About this task
Skip the pictures, please, and write out exactly every line from the one containing "Fiat Panda 1.0|HYBRID" through the end of the listing below.

• • •

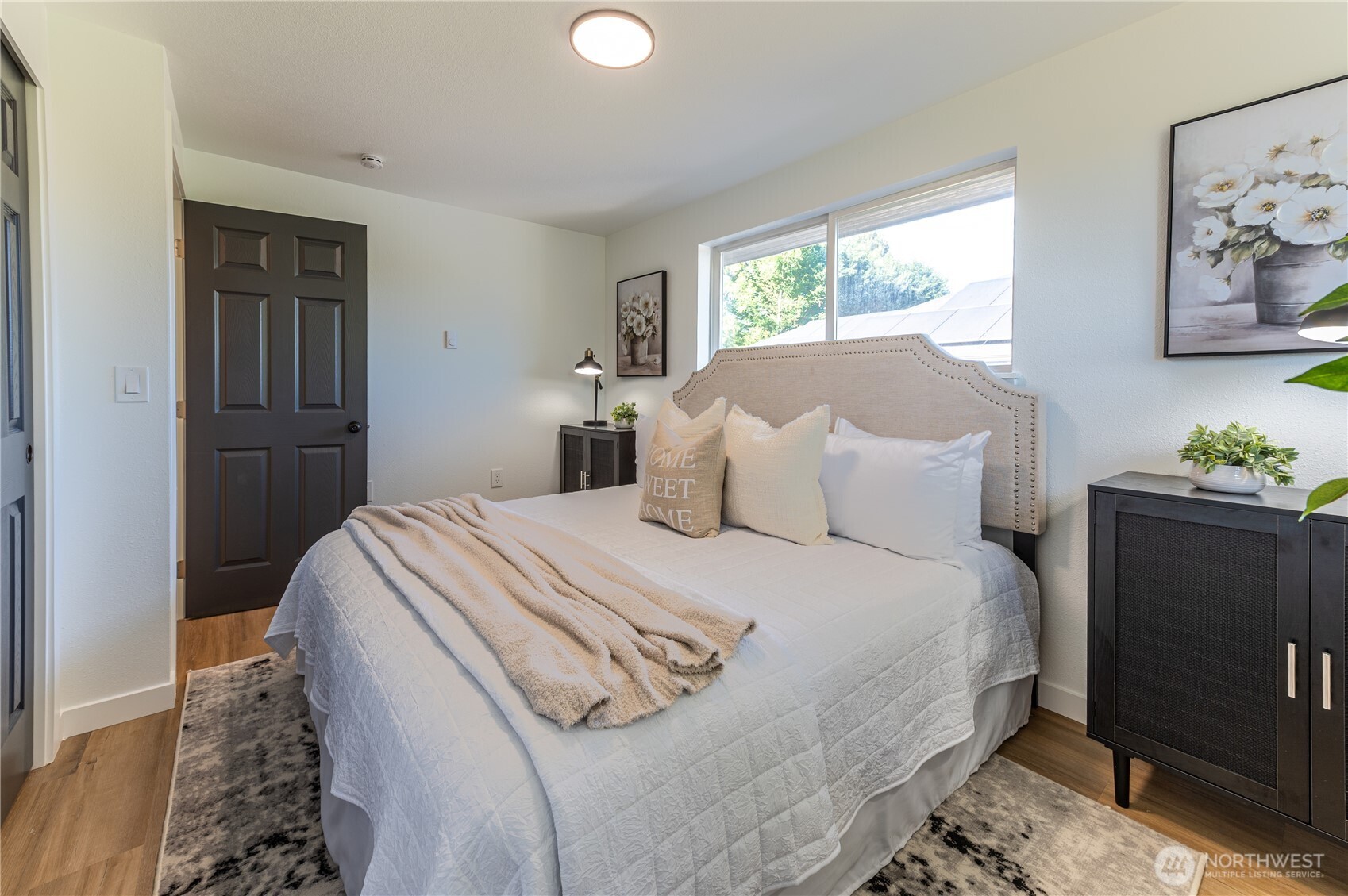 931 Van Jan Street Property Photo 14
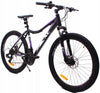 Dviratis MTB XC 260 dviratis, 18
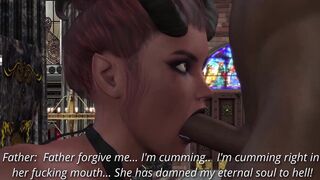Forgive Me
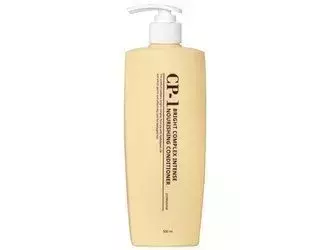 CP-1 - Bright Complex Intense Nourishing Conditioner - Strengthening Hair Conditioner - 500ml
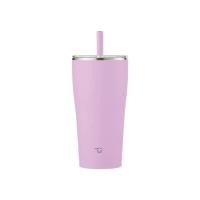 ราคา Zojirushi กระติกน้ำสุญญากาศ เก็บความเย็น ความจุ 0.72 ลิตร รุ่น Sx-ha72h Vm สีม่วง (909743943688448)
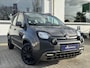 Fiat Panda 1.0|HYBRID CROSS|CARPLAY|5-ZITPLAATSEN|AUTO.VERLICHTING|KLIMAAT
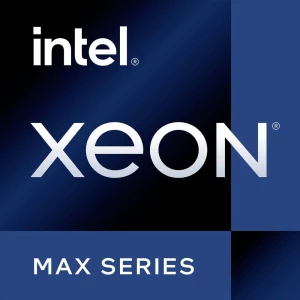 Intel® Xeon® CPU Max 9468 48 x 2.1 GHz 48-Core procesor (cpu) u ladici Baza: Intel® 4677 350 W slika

• • •

Completed task
 Fiat Panda 1.0|HYBRID CROSS|CARPLAY|5-ZITPLAATSEN|AUTO.VERLICHTING|KLIMAAT
 Intel® Xeon® CPU Max 9468 48 x 2.1 GHz 48-Core procesor (cpu) u ladici Baza: Intel® 4677 350 W slika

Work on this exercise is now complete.